Here, then, we would have two more later-romantic concertos to add to an otherwise rather sparse repertoire!
in the romantic era (gradually losing interest at clarinet,to great benefit of saxophone,but concertos...)apart Stanford and the italian L.Perosi,trythe saxon Robert Starck (1847-1922,discovered thgough Unsung Composers,Paladino MusicPMR0064)or the belgian Charles-Louis Hanssens (1802-71,Phaedra92094) ;);also Zdenek Fibich (1850-1900,czech):Selanka/idyll for clar & orch. op.16 (various vesions)
I have forgotten 2 composers who wrote for clarinet (among other Wind ctos):the italian S.Mercadante(1795-1870),see Orfeo C114041A or Clarinet Classics CC042 and above him, the finnish (of german descent) : Bernhard Henrik Crusell (1775-1838) :-\
already mentioned in this thread though thanks!

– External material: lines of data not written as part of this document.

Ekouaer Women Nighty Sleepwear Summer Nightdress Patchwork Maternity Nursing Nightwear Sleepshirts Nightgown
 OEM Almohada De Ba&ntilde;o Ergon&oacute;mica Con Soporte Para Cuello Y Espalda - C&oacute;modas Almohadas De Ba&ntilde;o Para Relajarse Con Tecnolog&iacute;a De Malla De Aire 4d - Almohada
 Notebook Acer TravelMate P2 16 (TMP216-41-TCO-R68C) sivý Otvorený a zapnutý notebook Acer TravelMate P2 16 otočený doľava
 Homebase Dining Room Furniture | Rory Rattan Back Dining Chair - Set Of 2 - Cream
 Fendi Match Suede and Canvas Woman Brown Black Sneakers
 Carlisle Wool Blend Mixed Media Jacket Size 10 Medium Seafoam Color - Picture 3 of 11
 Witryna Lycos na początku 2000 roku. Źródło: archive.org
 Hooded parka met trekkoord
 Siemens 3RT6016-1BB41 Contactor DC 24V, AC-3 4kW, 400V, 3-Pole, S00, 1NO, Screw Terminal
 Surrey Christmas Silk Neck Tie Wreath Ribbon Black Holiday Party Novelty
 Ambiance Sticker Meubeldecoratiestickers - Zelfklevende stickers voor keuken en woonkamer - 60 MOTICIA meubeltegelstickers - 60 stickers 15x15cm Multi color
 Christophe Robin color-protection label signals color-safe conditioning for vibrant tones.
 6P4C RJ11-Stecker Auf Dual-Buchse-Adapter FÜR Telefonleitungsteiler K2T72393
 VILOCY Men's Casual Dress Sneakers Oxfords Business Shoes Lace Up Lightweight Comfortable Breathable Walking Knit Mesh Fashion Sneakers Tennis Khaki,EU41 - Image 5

Don't hope to find some clarinet Paganini composing for himself,the only minor one player/composer was Joseph Beer (1744-1812)revived by maestro Klöcker (cd Koch-Schwann 3-6422-2h1,1997),see alsoHeinrich Joseph Baermann (1784-1847)thanks to Klocker again (cd OrfeoC065011A),and Iwan Mûller (1786-1854) on a MDG cd (901 1846-6 in 2014)
there are some dubious works/arrangements/kontrafakturen by Beethoven,J Haydn recorded byD.Klöcker on Orfeo and THE violin concerto (Beethoven!)op.61 arranged by M.Pletnev for Michael Collins (cd DG 457652-2,2000)coupled with Mozart great one !
Baermann used to be well known because a work of his was attributed to Wagner (similarly Küffner/Weber...)
Do you....just not actually read any other posts but your own, Redieze?
I am not quite sure if qualifies the Duet-Concertino for clarinet, bassoon and string orchestra with harp by Richard Strauss (in another thread I mis-named it Idyll Concertino).
Fairly represented on record, it seems rather underperformed.